> _Supplied data_
########

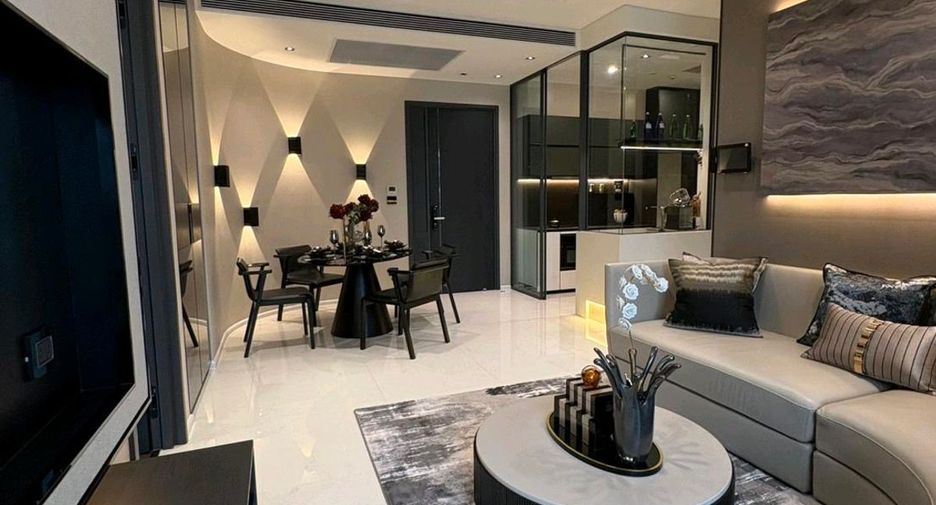 For rent 2 bedrooms condo in Watthana, Bangkok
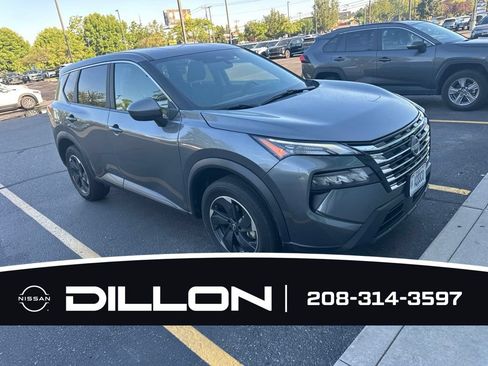 Used 2025 Nissan Rogue SV AWD/4WD image 11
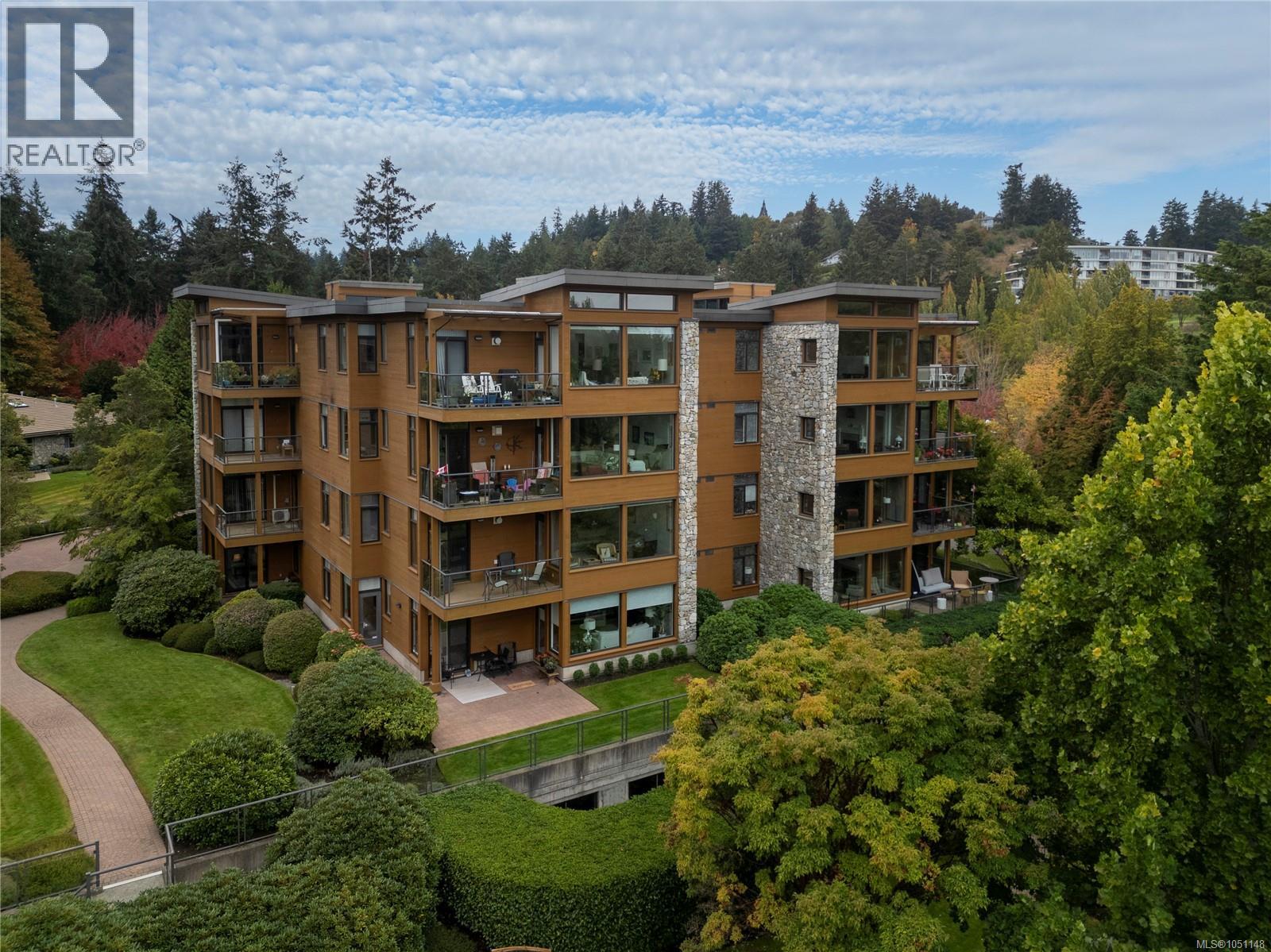 106 5329 Cordova Bay Rd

########

> _Exercise description_
Your answer should consist solely of the lines from the one holding "Used 2025 Nissan Rogue SV AWD/4WD image 11" through the end of the listing, reproduced exactly and without pictures.

> _Task result_
 Used 2025 Nissan Rogue SV AWD/4WD image 11
 106 5329 Cordova Bay Rd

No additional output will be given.